Mixtape releases: 2005–2006
In 2005, Ruff Sqwad's first mixtape, Guns and Roses Volume. 1, was released. It was released in March 2005 on the independent record label Ruff Sqwad Recordings, and was very well received by the grime scene. It has been ranked amongst the best full-length studio albums of all time to come from the grime scene. The album was the first of a three-part album series.

Ruff Sqwad's second mixtape, Guns and Roses Volume. 2, was released in October 2006. It was released on the independent record label Ruff Sqwad Recordings, and was very well received by the grime scene. Along with their debut album, Guns and Roses Volume. 1, it has also been ranked amongst the best full-length studio albums of all time to come from the grime scene. During this period Ruff Sqwad performed regularly at live events including the very first Dirty Canvas night put on by NoHatsNoHoods.

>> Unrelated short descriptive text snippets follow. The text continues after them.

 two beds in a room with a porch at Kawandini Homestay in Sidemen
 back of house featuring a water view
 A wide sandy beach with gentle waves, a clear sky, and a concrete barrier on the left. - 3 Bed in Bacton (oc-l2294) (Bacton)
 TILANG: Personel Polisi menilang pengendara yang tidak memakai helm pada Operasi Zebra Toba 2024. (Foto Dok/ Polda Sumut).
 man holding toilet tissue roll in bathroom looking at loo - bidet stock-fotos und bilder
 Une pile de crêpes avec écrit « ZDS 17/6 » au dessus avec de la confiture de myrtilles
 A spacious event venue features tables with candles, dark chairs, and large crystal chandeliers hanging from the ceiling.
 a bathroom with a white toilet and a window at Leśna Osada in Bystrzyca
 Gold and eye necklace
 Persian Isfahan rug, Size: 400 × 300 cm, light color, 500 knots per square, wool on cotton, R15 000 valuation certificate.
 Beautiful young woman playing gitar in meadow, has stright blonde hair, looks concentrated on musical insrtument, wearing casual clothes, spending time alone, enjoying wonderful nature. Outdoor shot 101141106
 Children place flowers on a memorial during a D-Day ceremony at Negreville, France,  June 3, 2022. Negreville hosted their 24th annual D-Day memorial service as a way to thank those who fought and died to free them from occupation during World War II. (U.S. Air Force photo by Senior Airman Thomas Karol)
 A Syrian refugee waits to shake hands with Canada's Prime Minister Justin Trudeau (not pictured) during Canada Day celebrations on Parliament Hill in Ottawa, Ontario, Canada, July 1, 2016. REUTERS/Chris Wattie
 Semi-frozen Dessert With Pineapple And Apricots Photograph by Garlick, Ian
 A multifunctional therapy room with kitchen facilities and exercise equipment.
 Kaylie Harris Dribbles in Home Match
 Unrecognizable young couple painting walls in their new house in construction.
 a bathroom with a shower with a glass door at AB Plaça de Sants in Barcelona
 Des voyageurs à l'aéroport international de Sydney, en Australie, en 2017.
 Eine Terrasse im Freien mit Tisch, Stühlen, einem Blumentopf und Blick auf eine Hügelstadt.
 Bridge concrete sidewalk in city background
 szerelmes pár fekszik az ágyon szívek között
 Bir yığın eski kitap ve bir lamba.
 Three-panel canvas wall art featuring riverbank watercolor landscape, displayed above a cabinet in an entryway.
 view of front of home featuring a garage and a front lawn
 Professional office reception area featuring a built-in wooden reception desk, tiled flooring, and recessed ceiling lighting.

Decline, breakup and new roster
Following the solo success of Tinchy Stryder and other crew members Ruff Sqwad became less active as a group. In 2011 the crew recorded a single called Mario Balotelli. In 2012 Rapid and Dirty Danger collaborated with NoHatsNoHoods to recover recordings previously thought to be lost of some of the group's early instrumentals which led to the release of a compilation album called White Label Classics. The group has been on hiatus since releasing Cold in 2013. In May 2015, Tinchy Stryder confirmed that Ruff Sqwad had split up, citing reasons such as internal conflicts and Slix not making music anymore. In December 2015, a music video for the new song That's Who We Are was released, starring original member Prince Rapid, previous member Fuda Guy and previously affiliated Roachee, all of them seemingly part of Ruff Sqwad.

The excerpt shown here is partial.